I’ve been looking into the relationships between losses, divergences and other measures of predictors and problems recently and came across a 2006 paper by Drummond and Holte entitled Cost Curves: An improved method for visualizing classifier performance. This paper describes a representation of classifier performance that is very closely related to the usual ROC curve. However, unlike ROC plots of (False Positive Rate, True Positive Rate)-points for various operating conditions of the classifier cost curves show (cost, risk)-points. That is, for each cost plotted on the x axis, the y co-ordinate shows the cost-weighted loss for the classifier.
As explained in Drummond and Holte’s paper, there is a simple point-line duality between ROC space and Cost-Loss space based on the definition of cost-weighted loss. If \((FP,TP)\) is a point in ROC space then the cost-loss relationship \((c, L)\) is linear and satisfies \[ L = (1-\pi) c FP + \pi (1-c) (1 - TP) \] where \(c\) is the cost of a false positive and \(\pi\) the prior probability of the positive class^{1}.
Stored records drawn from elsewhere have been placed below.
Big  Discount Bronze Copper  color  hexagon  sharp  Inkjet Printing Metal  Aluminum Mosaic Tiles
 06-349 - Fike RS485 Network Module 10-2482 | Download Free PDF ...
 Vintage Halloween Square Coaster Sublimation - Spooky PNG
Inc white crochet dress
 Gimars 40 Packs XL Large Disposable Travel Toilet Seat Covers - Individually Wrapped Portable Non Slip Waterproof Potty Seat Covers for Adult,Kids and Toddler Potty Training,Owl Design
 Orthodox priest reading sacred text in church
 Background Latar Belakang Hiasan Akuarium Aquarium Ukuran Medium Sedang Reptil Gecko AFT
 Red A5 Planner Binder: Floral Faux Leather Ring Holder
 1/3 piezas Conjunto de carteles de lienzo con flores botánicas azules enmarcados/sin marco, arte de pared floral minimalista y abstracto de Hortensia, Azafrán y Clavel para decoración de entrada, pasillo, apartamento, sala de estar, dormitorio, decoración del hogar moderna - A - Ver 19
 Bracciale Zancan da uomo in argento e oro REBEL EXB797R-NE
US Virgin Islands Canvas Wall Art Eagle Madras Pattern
Given a specific \(\pi\) this relationship is completely invertible. A point \((c,L)\) in cost-loss space corresponds to the following line in ROC space \[ TP = \frac{(1-\pi) c}{\pi(1-c)} FP + \frac{(1-\pi) c - L}{\pi(1-c)}. \]
My ability to intuitively grasp this duality relationship was not that great so I hacked together the following applet to help. On the right is a black curve in ROC space representing five (False Positive, True Positive) rates for some imaginary classifier. The points are (0,0), (0.1, 0.5), (0.3, 0.8), (0.7, 0.95) and (1,1). The diagonal grey line on the ROC plot represents the performance of random classifiers - each increase in True Positive rate is countered by an equivalent decrease in False Positive rate.
The left plot, entitled “Cost Space” shows the (cost,loss) duals of both the black and grey curves from the right-hand plot. The grey diagonal on the right corresponds to a “tent” on the left that represents the best performance of a classifier that constantly predicts a single class.
If you click in the applet area you can get a feel for the relationship between these two representations. When you move your mouse over ROC space you will see the corresponding line in cost space. Conversely, when you move your mouse over the cost space plot you will see the dual line in ROC space.
The bar at the bottom of the two plots controls the prior probability \(\pi\). You can see how the dual curve in cost space changes as this parameter is modified.
The code for this applet is available through GitHub. The visualisation aspects are written in Processing and are available here. This relies on some Java code I also wrote that does the point-line conversions.
Chris Drummond has also created an applet to do the same kind of conversion. The one here can be seen as complementary since his version allows the user to add data points and construct curves whereas mine just aims to make the key relationship interactive.
30 January 2009: Replaced inline applet with a screenshot and link to page hosted on GitHub.
28 July 2009: Link to applet is now hosted locally, not on GitHub.
My description here differs slightly from Drummond and Holte’s in that I am keeping priors and costs separate and not normalising the loss.↩